*** Block opens ***

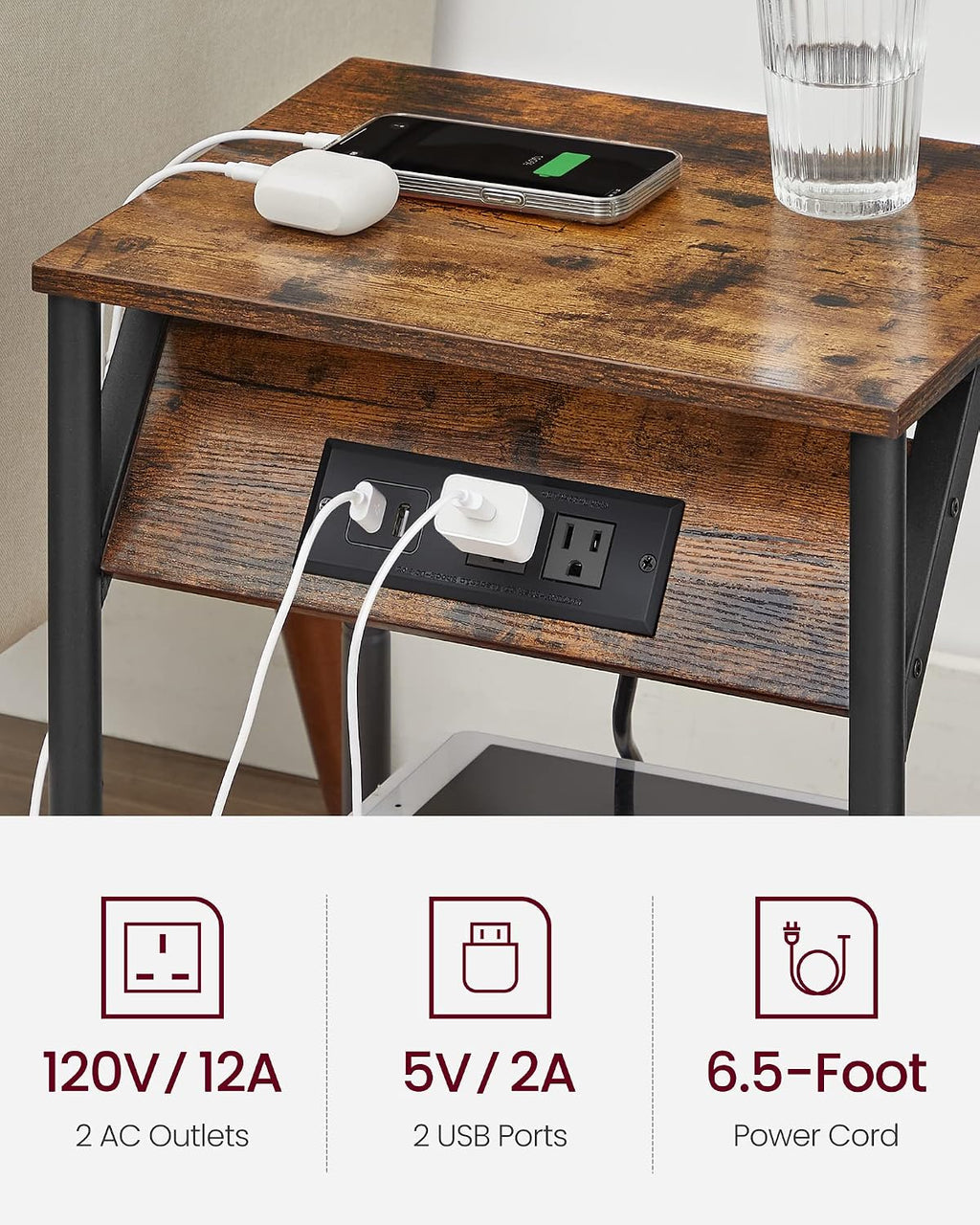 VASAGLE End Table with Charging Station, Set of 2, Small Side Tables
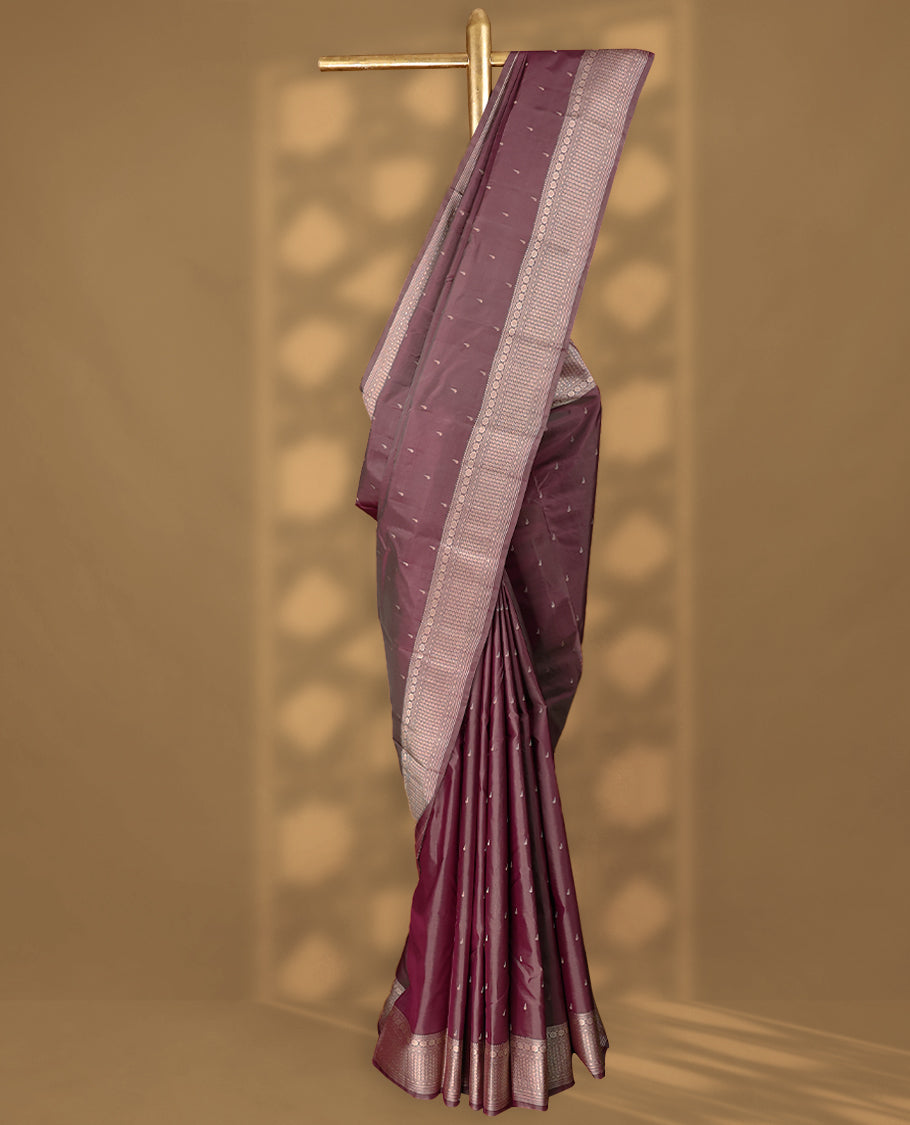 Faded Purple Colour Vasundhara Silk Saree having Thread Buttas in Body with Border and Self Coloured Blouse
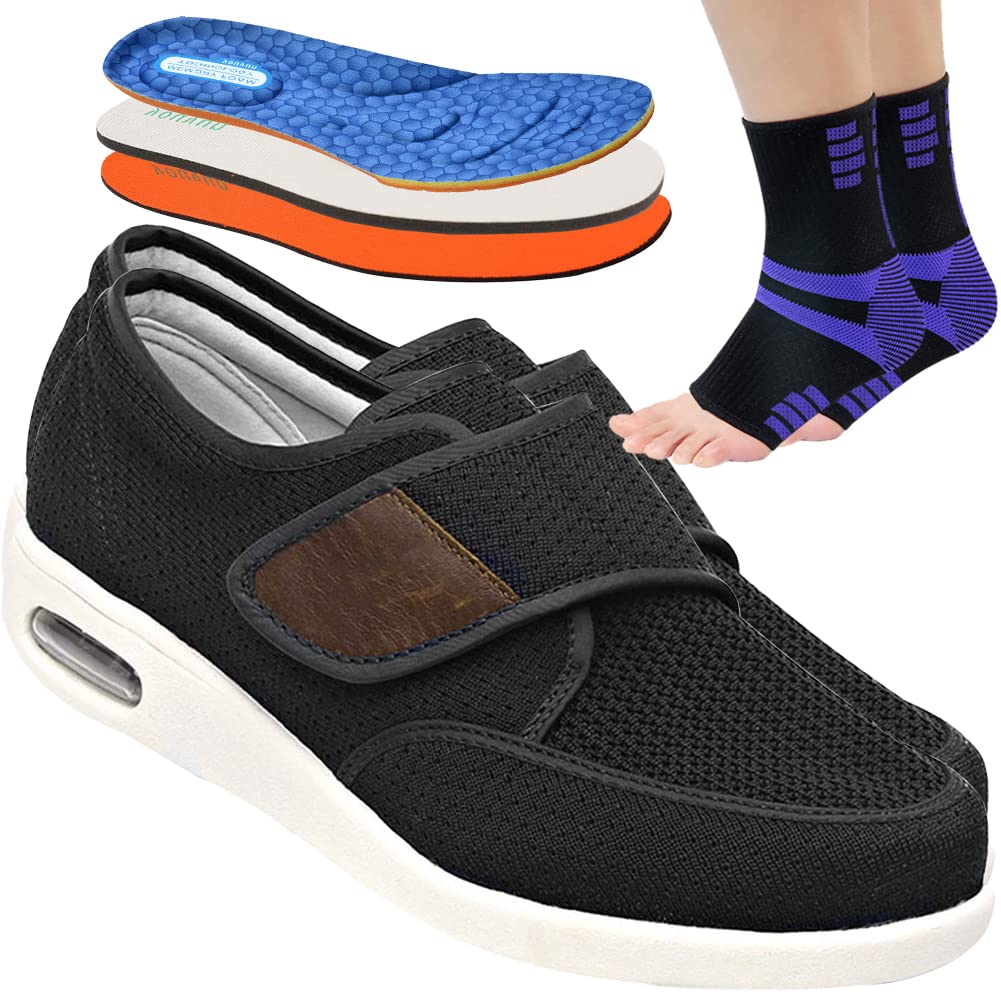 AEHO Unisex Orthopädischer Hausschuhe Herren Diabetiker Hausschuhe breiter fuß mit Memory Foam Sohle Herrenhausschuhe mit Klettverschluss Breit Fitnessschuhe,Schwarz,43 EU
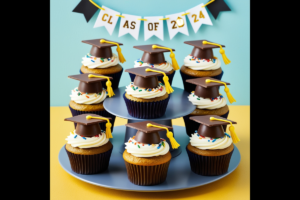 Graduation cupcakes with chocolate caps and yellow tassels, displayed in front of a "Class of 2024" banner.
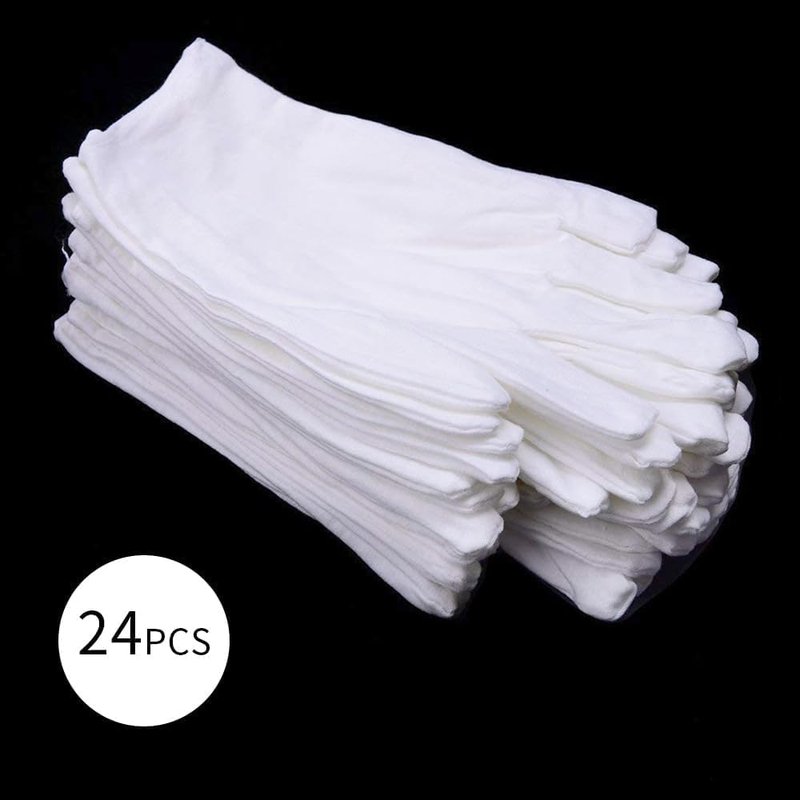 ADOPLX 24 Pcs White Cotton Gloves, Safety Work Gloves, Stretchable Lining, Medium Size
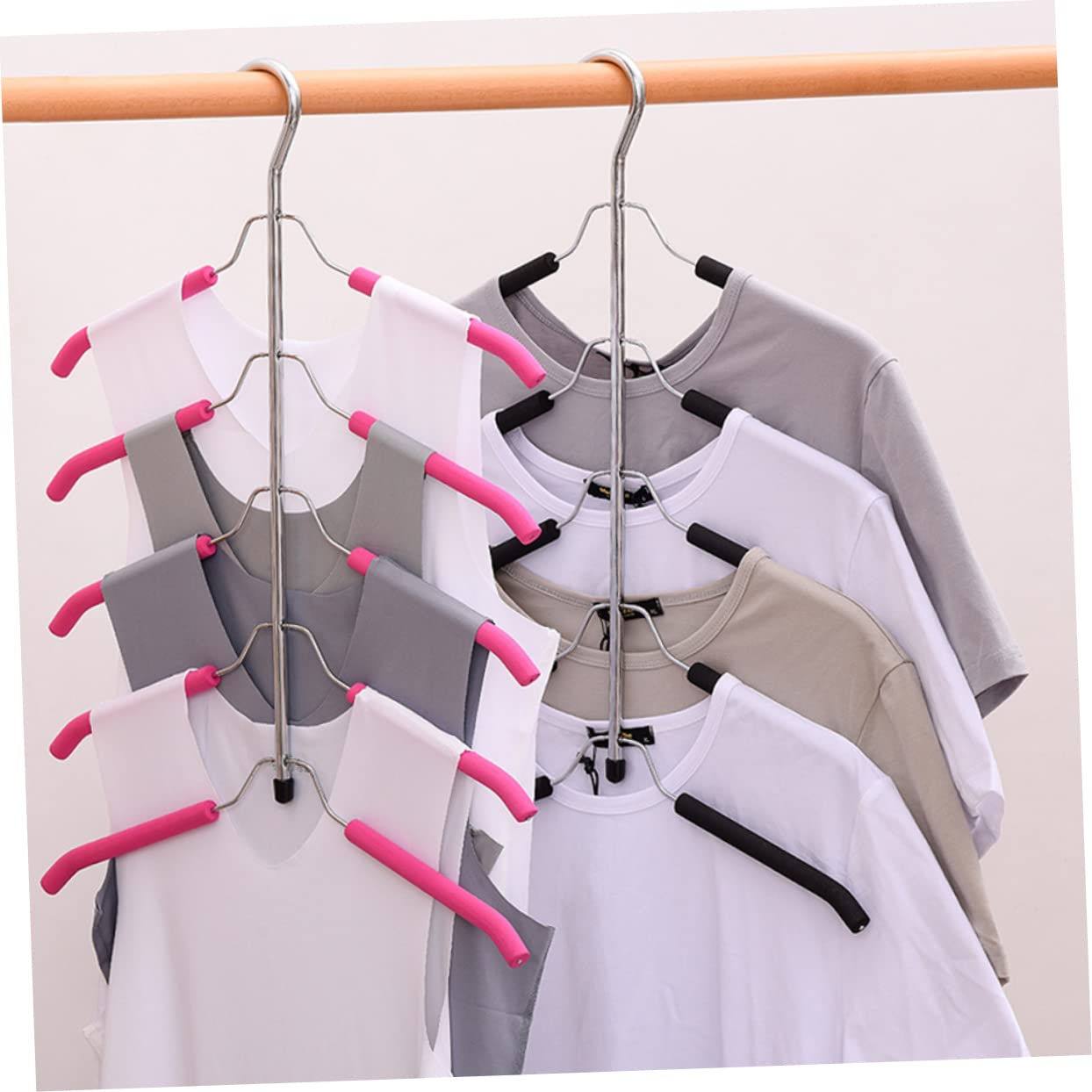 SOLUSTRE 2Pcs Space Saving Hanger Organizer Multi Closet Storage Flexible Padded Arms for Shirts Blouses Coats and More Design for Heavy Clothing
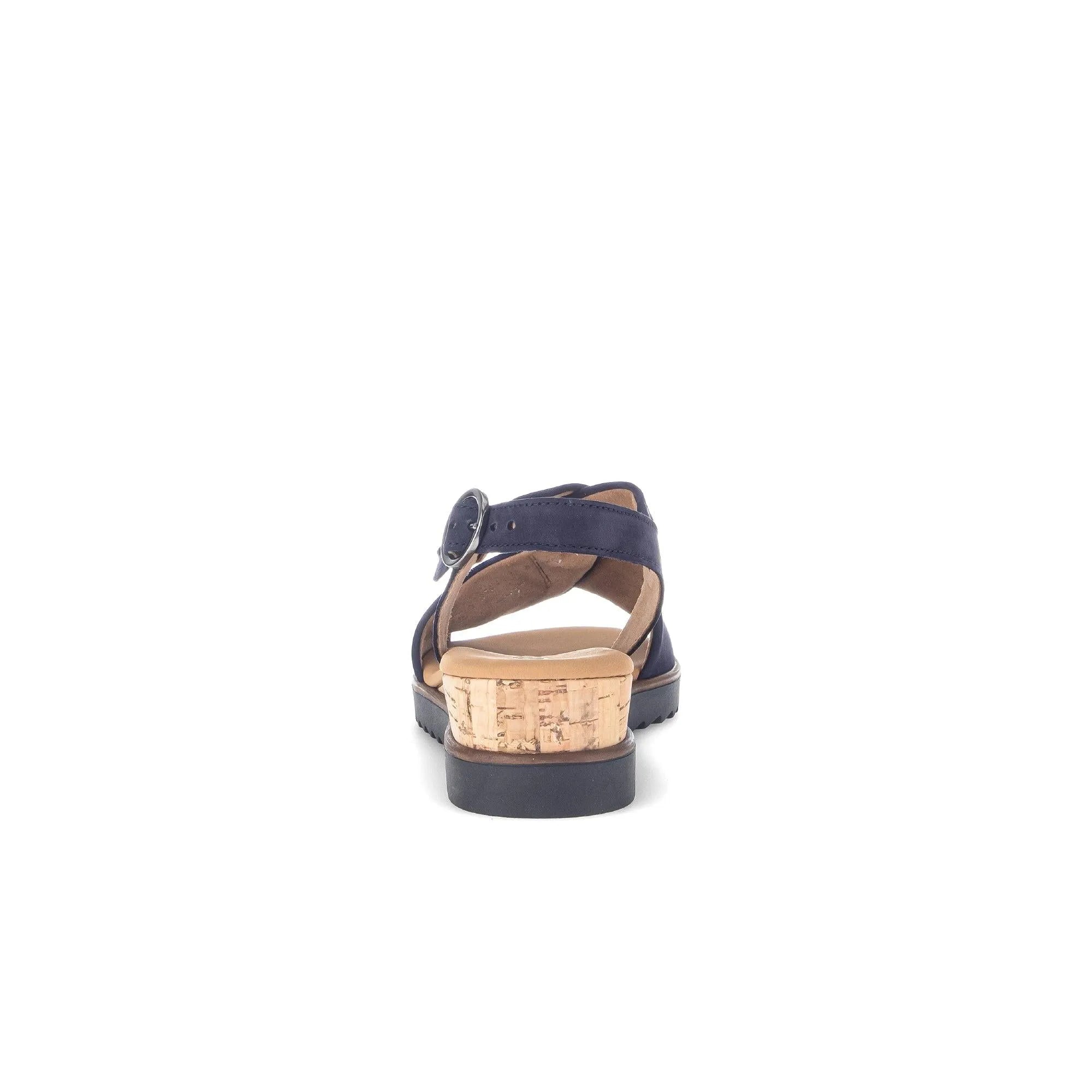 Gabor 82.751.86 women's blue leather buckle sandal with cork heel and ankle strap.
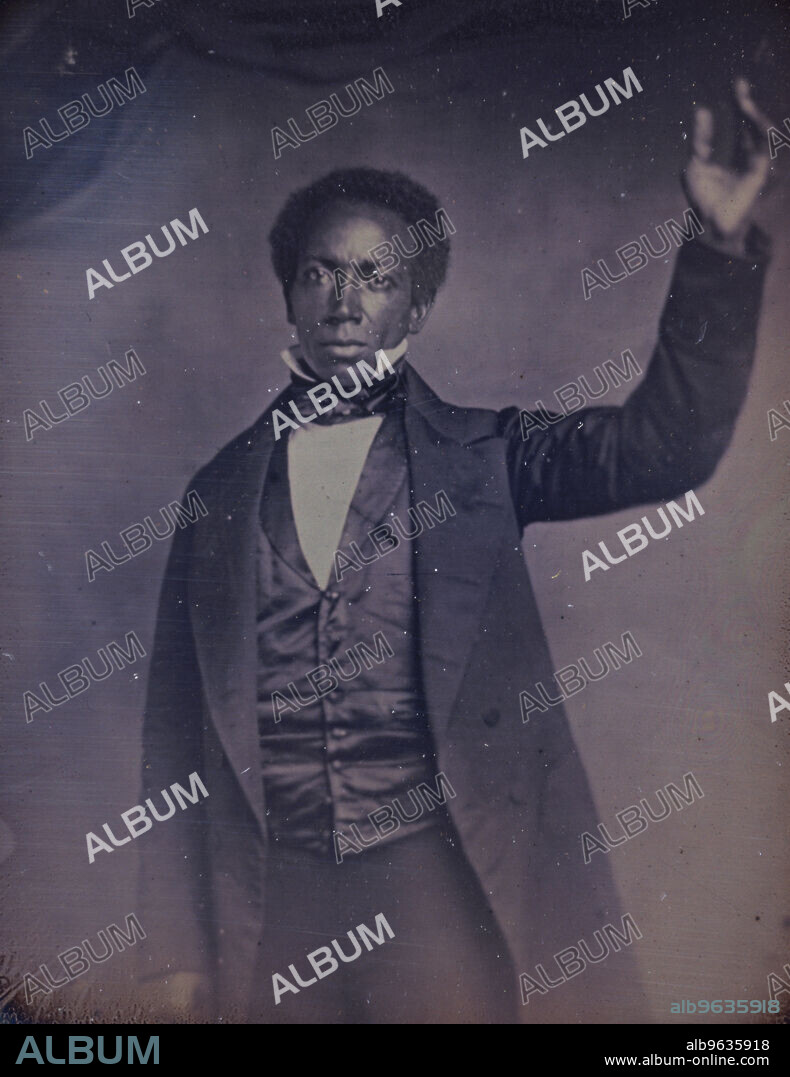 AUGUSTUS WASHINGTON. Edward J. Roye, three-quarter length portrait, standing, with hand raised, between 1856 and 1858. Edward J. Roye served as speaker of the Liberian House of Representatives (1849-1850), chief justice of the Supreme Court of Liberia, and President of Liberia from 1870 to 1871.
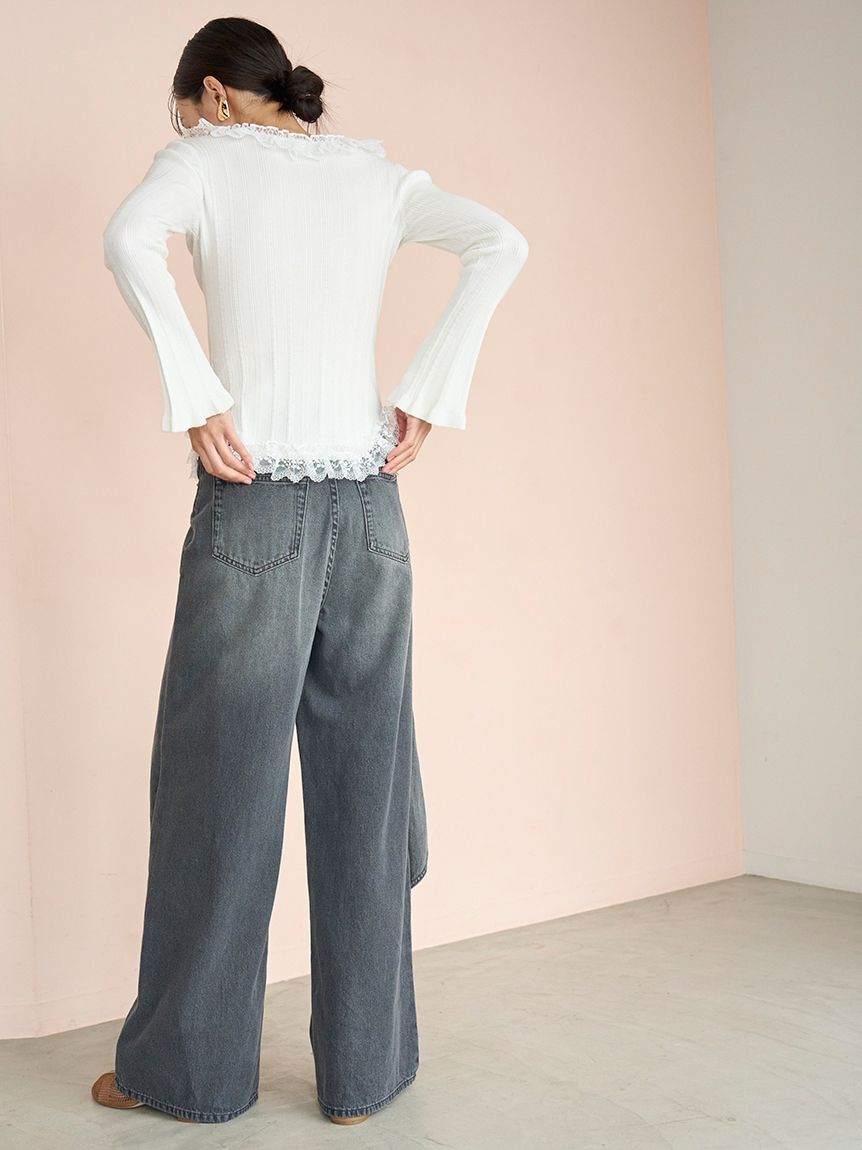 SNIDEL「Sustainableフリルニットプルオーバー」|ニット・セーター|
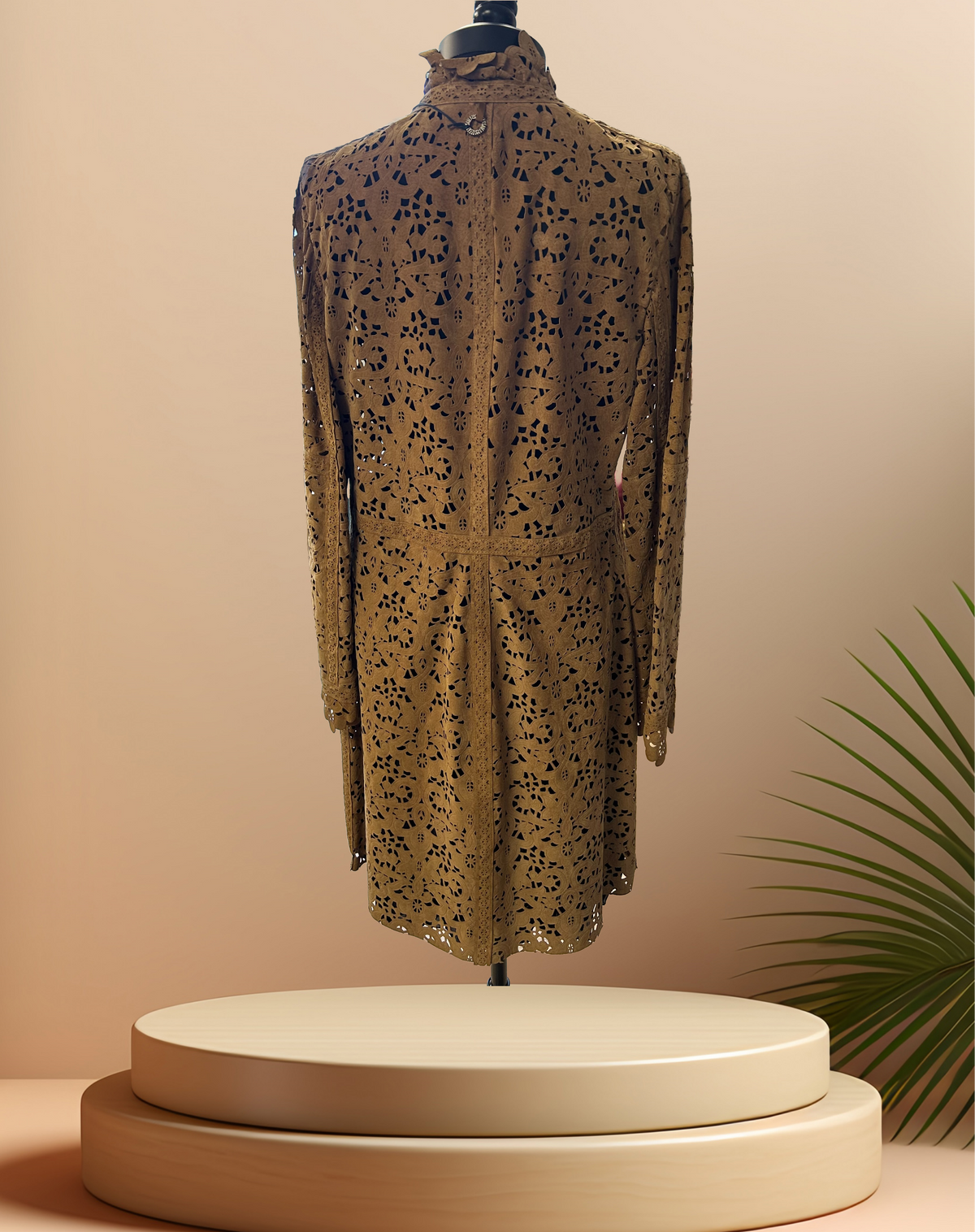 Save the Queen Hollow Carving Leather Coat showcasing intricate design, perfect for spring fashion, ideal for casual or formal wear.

*** Block closes ***

## Work task:
A word-for-word repeat is expected of the lines from the one with "Gabor 82.751.86 women's" to the end of the data, both included; pictures are not part of it.

## Written response:
 Gabor 82.751.86 women's blue leather buckle sandal with cork heel and ankle strap.
 AUGUSTUS WASHINGTON. Edward J. Roye, three-quarter length portrait, standing, with hand raised, between 1856 and 1858. Edward J. Roye served as speaker of the Liberian House of Representatives (1849-1850), chief justice of the Supreme Court of Liberia, and President of Liberia from 1870 to 1871.
 SNIDEL「Sustainableフリルニットプルオーバー」|ニット・セーター|
 Save the Queen Hollow Carving Leather Coat showcasing intricate design, perfect for spring fashion, ideal for casual or formal wear.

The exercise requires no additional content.